Copy each line below as it stands, but skip any picture it contains.

» DATA EXCERPT
=== Begin Enclosure ===

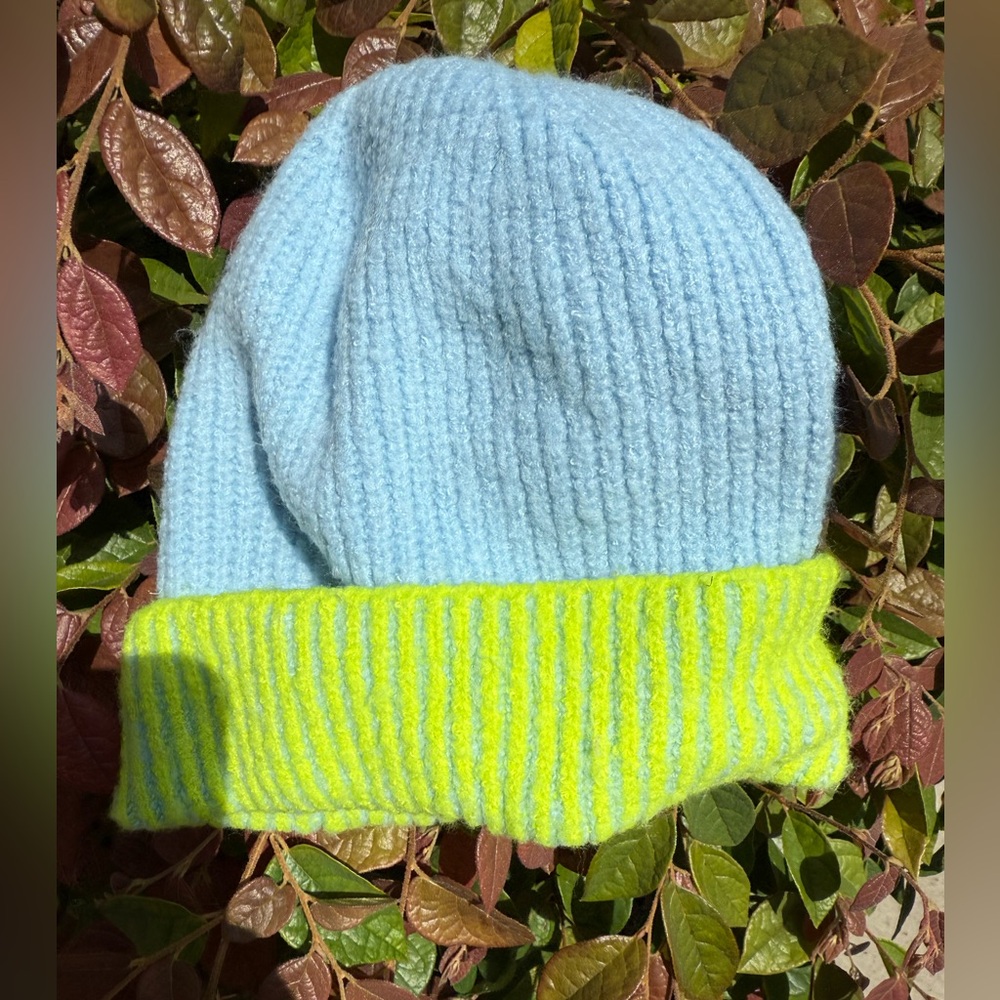 Free People Light Blue and Bright Yellow Knit Beanie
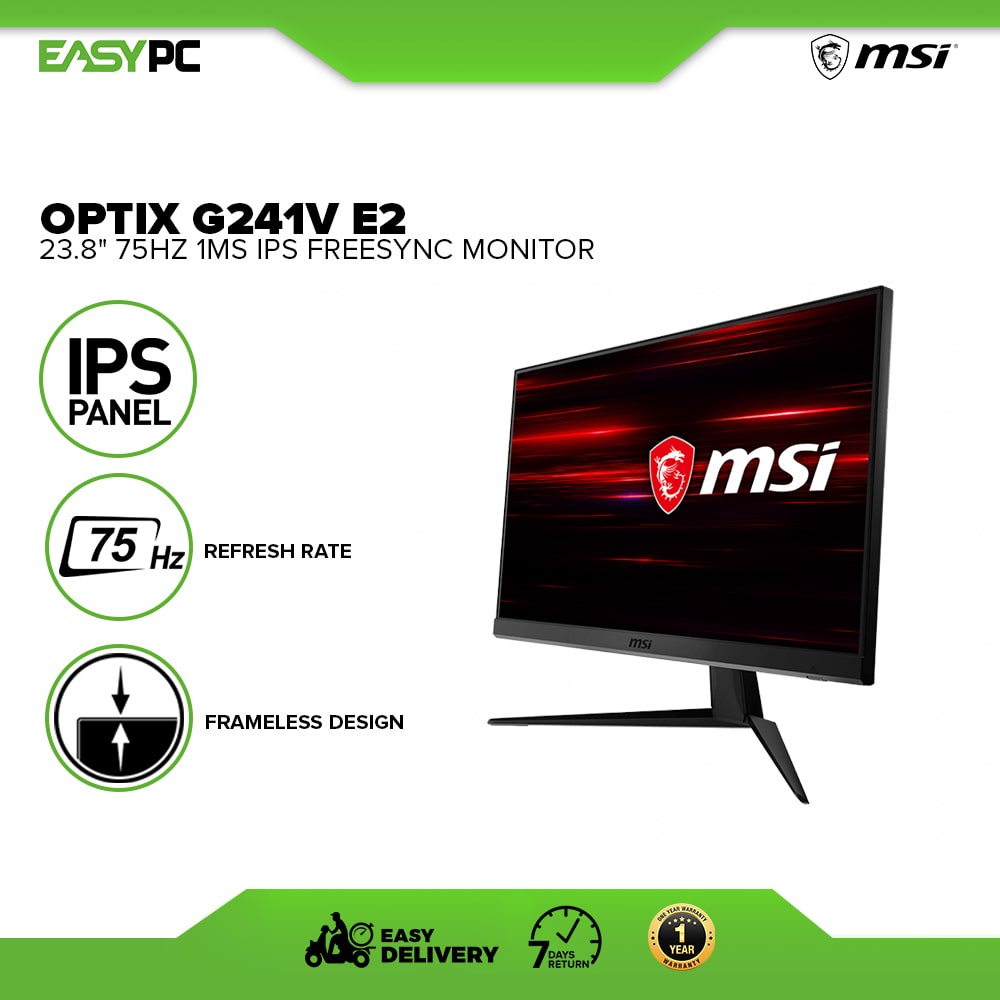 EasyPC MSI Optix G241V E2 23.8" 75Hz 1ms IPS Freesync Monitor, Brand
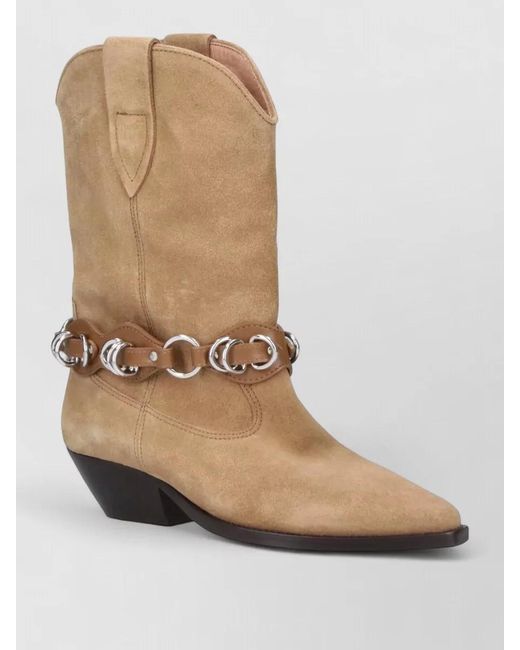Isabel Marant Natural Suede Ankle Boots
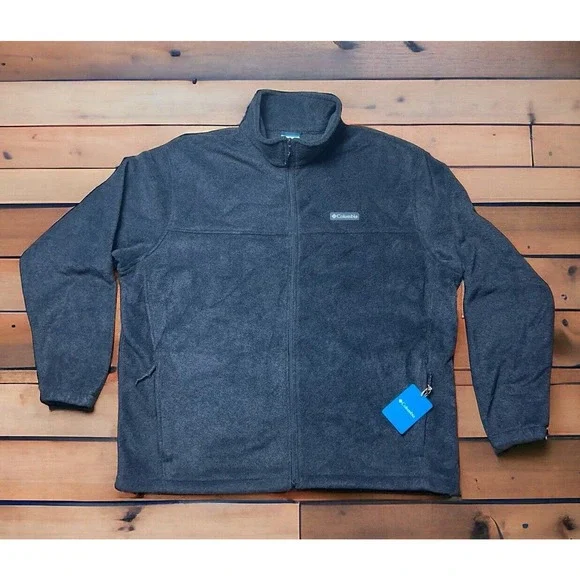 Columbia Sportswear Gray Fleece Pockets Full Zip Jacket Adult Regular Size XXL - Picture 1 of 11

=== End Enclosure ===

» OUTPUT OF THE EXERCISE
 Free People Light Blue and Bright Yellow Knit Beanie
 EasyPC MSI Optix G241V E2 23.8" 75Hz 1ms IPS Freesync Monitor, Brand
Isabel Marant Natural Suede Ankle Boots
 Columbia Sportswear Gray Fleece Pockets Full Zip Jacket Adult Regular Size XXL - Picture 1 of 11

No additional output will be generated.